Bibirku tak berhenti mengeluh. Perasaan resah membuatku melirik arloji di tangan setiap 5 detik. Aku berjalan mondar-mandir di depan gerbang rumah sambil berusaha meredakannya. Namun nihil, kian lama kian memuncak.

Sampai akhirnya indera pendengaranku menangkap suara mesin motor yang familiar, disusul oleh hadirnya sebuah motor ninja berwarna hitam dengan desain maskulin. Motor itu berhenti tepat di hadapanku.

Benar, sang empu tidak lain adalah Ryan. Manusia menyebalkan yang sedari tadi ku tunggu-tunggu untuk membawaku ke sekolah. Menyesal rasanya karena menerima ajakannya untuk berangkat bersama tadi malam. Seharusnya aku memilih opsi diantar sopir seperti biasanya yang tak diragukan selalu berjalan tanpa hambatan.

Ryan menaikkan kaca helmnya. Sudut bibirnya yang tipis membentuk cengiran hingga deretan giginya terlihat. Cengiran yang selalu tampak menyebalkan itu membuatku kesal. Terlebih lagi didampingi raut wajah tanpa dosanya itu.

Bibirnya membuka, tampak akan mengatakan sesuatu. Kutebak, kalimat sapa serta basa-basi yang membosankan. Sebelum didahului, aku berujar, "Lama banget sih!" Seraya menarik kaca helmnya hingga kembali menutup.

"Duh! Udah gercep loh ini."

"Telat 20 detik!"

"Astaga, baru dateng disambutnya ramah banget," katanya dengan nada menyindir. Walaupun tertutup helm, wajahnya itu tetap terlihat menyebalkan. "Kamu ... datang bulan?"

Aku berdeham.

"Eh? Astaghfirullah, pantesan. Ya udah, maap ya Leya ...," ujar Ryan seraya menampilkan senyum. Walaupun raut wajahnya berubah, masih tetap menyebalkan.

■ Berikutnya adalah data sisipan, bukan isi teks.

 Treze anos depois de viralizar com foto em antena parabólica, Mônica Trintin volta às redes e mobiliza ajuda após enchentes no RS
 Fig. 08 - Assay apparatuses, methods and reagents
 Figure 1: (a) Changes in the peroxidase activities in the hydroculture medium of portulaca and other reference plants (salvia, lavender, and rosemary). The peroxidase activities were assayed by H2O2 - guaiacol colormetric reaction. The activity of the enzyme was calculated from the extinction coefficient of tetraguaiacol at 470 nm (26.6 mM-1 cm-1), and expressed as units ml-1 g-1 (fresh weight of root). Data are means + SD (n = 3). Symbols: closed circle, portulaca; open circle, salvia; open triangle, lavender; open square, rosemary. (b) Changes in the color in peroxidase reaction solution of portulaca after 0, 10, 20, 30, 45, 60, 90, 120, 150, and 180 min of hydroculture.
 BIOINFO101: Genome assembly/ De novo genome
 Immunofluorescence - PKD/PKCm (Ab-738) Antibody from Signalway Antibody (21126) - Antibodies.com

Aku merotasikan kedua mataku, menggambarkan suasana hatiku yang masih dalam fase tidak baik. Berharap dirinya tidak banyak bertele-tele dan berakhir membuatku melepaskan sepatu dan melayangkannya tepat pada wajah menyebalkan itu. "Ayo cepet! Lama lo."

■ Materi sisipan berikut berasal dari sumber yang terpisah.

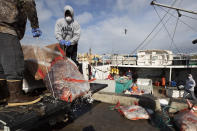 Opah fish are hauled onto a dock for sale Friday, March 20, 2020, in San Diego. Fishermen coming home to California after weeks at sea are find a state all but shuttered due to coronavirus measures, and nowhere to sell their catch. A handful of boats filled with tens of thousands of pounds of fish are now floating off San Diego's coast as they scramble to find customers. (AP Photo/Gregory Bull)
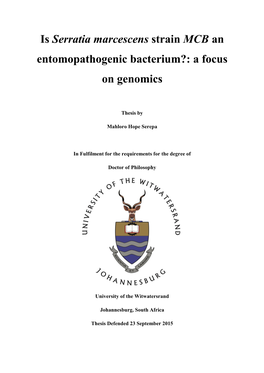 Serratia Marcescens Strain MCB an Entomopathogenic Bacterium?: a Focus on Genomics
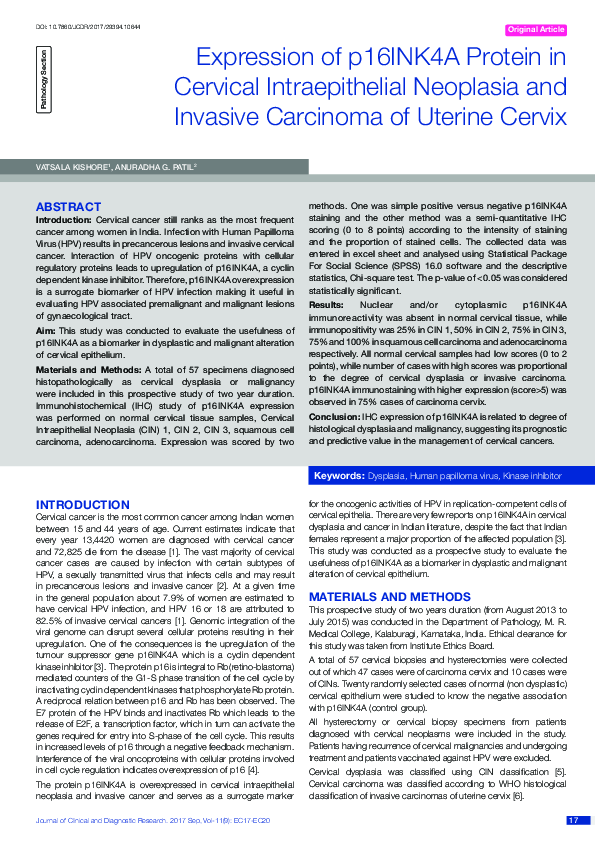 (PDF) Expression of p16INK4A Protein in Cervical Intraepithelial ...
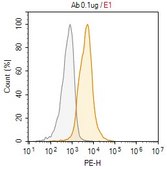 Anti-LAMP2 Antibody, clone H4B4 ZooMAb&#174; Mouse Monoclonal recombinant, expressed in HEK 293 cells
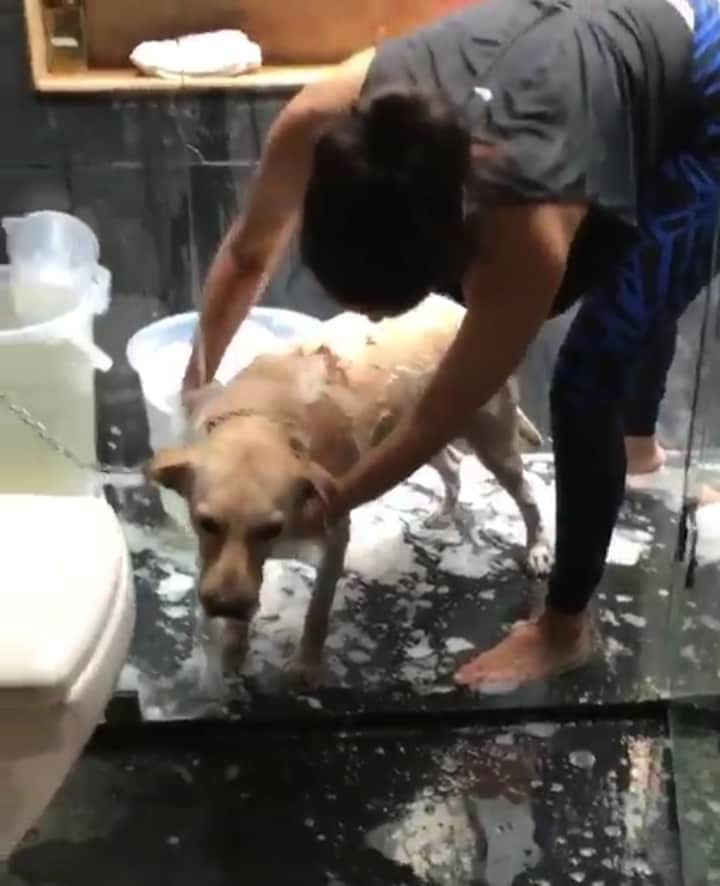 sunny leone cutest video viral on socila media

"Pakai dulu helmnya biar aman," katanya sambil mengangkat helm itu setinggi atas kepalaku. Berniat memasangkan benda berwarna merah itu untuk membuat suasana hatiku membaik. Padahal nyatanya tidak. Karena dia akan sangat lamban ketika memakaikanku helm!

"Nggak usah!" Aku merebut helm di tangannya. Menaiki jok belakang seraya memakai helm sebagai bentuk dari definisi menghemat waktu. "Kenapa belum jalan?!"

"Ya Allah ... Iya, iya jalan sekarang." Ryan menyalakan mesin motornya, suara mesin yang cukup memekakkan telinga juga membuatku kesal. Harusnya ketika menemaninya memilih motor kala itu, aku lekas memelototinya karena dia menunjuk motor bermesin berisik ini. Tetapi ternyata kharisma dari motor ini malah membuatku mengangguk-angguk saja. Karena jujur motor ini sangat keren. Harganya pun tak kalah keren. Beruntung Ryan memiliki uang tabungan yang cukup untuk membawa motor mahal ini pulang ke rumah.

☜☆☞

Pemandangan hilir mudik lalu lintas kini telah berganti dengan motor-motor yang berjajar cukup rapi. Aku turun dari motor bersamaan dengan suara mesin motor Ryan yang menghilang, digantikan oleh samar-samar suara obrolan para siswa yang juga baru saja memarkirkan motornya di parkiran sekolah yang cukup luas ini.

Aku berjalan mendahului Ryan menuju koridor utama. Tak lama dia menyusul dan berjalan di sisiku sehingga aroma menyengat dari minyak rambut khas remaja pria dari rambutnya sampai pada indera penciumanku.

"Ishh, bau, jauh-jauh sana!" Dengan raut wajah jijik, aku meloncat menjauhinya seraya menutup hidung. Sepertinya hari ini dirinya benar-benar berniat membuatku naik pitam. Bagaimana tidak? Pertama, dia terlambat menjemputku. Kedua, dia menggunakan pomade padahal dia jelas tahu aku sangat anti pada aromanya!